Question

Calculate the ratio of $HCO{{O}^{-}}$ and ${{F}^{-}}$ in a mixture of 0.2 M HCOOH (${{K}_{a}}=2\text{ x 1}{{\text{0}}^{-4}}$) and 0.1 M HF (${{K}_{a}}=6.6\text{ x 1}{{\text{0}}^{-4}}$)
(a). 1: 6.6
(b). 1: 3.3
(c). 2: 3.3
(d). 3.3: 2

Answer 1

Hint: First we have to write the equation for both the compound when dissolved in water, then we write the equation of equilibrium constant.

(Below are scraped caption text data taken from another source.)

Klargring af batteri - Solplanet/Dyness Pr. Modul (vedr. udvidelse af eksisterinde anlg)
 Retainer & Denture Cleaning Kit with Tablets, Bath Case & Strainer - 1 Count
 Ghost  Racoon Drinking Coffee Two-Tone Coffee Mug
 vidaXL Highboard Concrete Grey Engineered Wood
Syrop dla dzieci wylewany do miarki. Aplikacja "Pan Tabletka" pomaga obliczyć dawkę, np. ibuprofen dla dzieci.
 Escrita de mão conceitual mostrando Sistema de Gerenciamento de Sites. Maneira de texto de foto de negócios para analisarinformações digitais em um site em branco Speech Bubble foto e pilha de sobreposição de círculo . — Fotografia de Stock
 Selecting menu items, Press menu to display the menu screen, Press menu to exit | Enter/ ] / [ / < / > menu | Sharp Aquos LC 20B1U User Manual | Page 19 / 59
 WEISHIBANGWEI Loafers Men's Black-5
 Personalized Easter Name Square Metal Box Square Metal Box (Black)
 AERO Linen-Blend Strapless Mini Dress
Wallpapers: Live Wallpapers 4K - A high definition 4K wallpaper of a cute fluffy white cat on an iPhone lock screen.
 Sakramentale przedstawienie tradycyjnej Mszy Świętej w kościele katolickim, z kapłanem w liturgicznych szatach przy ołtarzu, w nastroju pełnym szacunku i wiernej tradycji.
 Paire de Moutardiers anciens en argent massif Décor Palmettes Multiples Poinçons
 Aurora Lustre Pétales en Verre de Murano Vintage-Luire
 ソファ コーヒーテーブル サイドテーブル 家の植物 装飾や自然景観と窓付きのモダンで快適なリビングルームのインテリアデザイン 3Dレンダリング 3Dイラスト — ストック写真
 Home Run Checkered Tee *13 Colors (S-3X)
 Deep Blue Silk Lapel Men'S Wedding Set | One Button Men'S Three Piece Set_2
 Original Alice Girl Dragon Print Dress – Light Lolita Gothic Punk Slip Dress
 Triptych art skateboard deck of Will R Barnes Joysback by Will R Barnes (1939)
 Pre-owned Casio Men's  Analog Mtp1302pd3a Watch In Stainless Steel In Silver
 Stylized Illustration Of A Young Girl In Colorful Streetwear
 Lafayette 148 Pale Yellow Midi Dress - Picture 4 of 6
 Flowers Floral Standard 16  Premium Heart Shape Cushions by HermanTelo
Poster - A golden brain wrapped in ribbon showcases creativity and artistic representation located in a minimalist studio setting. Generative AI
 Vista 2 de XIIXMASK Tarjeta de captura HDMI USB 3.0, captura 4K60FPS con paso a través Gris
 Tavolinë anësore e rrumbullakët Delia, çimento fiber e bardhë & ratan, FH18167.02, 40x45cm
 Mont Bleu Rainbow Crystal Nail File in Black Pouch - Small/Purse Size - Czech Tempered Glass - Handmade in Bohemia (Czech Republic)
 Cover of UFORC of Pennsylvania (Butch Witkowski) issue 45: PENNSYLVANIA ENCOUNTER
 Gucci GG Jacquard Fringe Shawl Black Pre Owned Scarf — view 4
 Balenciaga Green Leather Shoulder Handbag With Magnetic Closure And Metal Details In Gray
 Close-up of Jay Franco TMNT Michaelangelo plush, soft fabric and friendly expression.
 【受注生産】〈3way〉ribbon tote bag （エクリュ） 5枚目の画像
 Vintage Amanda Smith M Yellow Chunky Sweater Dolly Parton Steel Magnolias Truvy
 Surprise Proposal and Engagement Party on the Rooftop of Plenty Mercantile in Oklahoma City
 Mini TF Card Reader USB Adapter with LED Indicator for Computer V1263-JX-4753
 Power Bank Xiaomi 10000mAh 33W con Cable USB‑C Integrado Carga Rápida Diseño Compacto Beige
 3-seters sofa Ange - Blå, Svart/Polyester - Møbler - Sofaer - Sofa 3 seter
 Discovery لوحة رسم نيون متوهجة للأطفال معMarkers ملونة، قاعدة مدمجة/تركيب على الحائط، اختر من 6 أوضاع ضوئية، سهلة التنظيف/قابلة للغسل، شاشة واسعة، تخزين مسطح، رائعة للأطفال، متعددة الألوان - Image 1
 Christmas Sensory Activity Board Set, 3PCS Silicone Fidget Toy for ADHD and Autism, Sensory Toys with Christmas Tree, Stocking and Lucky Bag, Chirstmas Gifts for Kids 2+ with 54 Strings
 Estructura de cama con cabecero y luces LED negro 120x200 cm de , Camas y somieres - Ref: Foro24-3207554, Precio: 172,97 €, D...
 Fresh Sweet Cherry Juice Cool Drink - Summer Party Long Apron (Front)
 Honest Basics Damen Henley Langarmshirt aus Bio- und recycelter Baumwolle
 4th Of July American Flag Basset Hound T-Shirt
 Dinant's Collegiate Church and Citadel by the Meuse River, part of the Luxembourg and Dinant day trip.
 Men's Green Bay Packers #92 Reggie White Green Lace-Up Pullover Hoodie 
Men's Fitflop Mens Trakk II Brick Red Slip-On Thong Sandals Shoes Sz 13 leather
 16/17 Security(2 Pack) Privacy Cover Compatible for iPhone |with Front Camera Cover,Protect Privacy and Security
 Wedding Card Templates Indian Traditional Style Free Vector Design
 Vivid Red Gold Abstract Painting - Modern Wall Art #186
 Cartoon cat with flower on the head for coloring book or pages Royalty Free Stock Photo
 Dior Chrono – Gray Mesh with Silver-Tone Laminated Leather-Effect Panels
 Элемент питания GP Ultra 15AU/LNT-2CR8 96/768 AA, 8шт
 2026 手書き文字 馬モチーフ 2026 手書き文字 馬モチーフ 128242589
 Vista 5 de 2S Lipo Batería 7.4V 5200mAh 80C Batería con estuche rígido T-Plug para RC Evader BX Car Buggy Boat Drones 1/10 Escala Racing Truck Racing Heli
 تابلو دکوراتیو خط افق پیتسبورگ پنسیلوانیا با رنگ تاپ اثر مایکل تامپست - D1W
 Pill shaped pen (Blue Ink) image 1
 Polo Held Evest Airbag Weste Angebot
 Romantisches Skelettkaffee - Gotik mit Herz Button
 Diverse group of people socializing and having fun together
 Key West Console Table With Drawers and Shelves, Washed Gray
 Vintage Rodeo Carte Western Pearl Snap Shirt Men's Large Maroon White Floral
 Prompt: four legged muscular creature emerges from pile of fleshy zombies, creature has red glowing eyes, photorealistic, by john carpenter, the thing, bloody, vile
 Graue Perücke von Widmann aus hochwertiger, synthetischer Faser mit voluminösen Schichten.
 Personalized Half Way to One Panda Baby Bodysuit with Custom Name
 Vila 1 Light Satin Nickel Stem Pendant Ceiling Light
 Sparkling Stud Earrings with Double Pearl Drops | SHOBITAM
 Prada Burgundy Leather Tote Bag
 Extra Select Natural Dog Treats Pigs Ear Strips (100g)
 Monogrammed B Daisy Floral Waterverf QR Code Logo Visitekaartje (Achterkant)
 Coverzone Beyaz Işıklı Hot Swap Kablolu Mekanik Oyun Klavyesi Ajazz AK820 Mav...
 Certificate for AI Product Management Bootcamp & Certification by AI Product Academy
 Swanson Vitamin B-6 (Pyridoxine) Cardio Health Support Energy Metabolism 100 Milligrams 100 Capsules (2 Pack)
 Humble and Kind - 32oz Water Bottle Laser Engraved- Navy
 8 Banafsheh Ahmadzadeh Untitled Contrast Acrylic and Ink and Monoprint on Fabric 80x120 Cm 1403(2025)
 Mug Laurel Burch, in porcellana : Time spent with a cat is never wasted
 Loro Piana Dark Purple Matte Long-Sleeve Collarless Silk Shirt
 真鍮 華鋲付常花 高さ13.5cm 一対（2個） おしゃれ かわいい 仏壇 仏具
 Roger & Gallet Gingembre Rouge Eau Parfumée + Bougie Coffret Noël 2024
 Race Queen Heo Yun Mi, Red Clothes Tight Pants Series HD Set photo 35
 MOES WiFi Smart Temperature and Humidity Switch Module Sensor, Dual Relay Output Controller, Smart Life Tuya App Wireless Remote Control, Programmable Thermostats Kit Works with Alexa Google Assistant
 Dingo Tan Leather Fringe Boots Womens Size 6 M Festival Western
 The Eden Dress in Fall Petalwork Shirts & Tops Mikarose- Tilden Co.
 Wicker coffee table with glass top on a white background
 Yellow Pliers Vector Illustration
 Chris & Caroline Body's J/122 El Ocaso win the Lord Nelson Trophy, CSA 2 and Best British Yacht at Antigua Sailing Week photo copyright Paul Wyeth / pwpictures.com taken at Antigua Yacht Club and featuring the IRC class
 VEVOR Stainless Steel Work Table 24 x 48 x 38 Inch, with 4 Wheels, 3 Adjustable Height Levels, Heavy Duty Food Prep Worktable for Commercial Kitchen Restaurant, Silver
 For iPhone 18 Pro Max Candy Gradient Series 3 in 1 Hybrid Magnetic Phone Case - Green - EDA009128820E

Now, we can compare both the value of the equilibrium constant, we can find the ratio of the ions.

Complete answer:
We are given two compounds, HCOOH and HF, let write the dissociation equation for both the compounds when dissolved in water.
$HCOOH+{{H}_{2}}O\rightleftharpoons HCO{{O}^{-}}+{{H}_{3}}{{O}^{+}}$
Let us assume that before equilibrium, the concentration of HCOOH is C and after equilibrium, the concentration of HCOOH, $HCO{{O}^{-}}$ and ${{H}_{3}}{{O}^{+}}$ are C-x, x, and x respectively.
$HF+{{H}_{2}}O\rightleftharpoons {{F}^{-}}+{{H}_{3}}{{O}^{+}}$
Let us assume that before equilibrium, the concentration of HF is D and after equilibrium, the concentration of HF, ${{F}^{-}}$ and ${{H}_{3}}{{O}^{+}}$ are D-y, y, and y respectively.
Due to the common ion effect, the concentration of ${{H}_{3}}{{O}^{+}}$ will be x+y in both the equations. Since the value is acid constants for both compounds are very less, hence we can neglect x in case of C-x for HCOOH and y in case of D-y for HF
Now, writing the equilibrium constant for both the reactions.
${{K}_{a}}(HCOOH)=\dfrac{x(x+y)}{C}$
${{K}_{a}}(HF)=\dfrac{y(x+y)}{D}$
When we divide these equations, we get:
$\dfrac{x}{y}=\dfrac{{{K}_{a}}(HCOOH)C}{{{K}_{a}}(HF)D}$
As we know that x and y are $HCO{{O}^{-}}$and ${{F}^{-}}$ respectively, and the value of acid constants and the value of concentration of both the ions are given, we can put the values:
$\dfrac{x}{y}=\dfrac{[HCO{{O}^{-}}]}{[{{F}^{-}}]}=\dfrac{2\text{ x 1}{{\text{0}}^{-4}}\text{ x 0}\text{.2}}{6.6\text{ x 1}{{\text{0}}^{-4}}\text{ x 0}\text{.1}}$
$\dfrac{[HCO{{O}^{-}}]}{[{{F}^{-}}]}=\dfrac{2}{3.3}$
Therefore, the ratio is 2: 3.3

So, the correct answer is “Option c”.

Note:
The formula of the equilibrium constant is written as the ratio of the product of the concentration of products by the product of the concentration of the reactants. You can only neglect the value of concentration when its value is very less.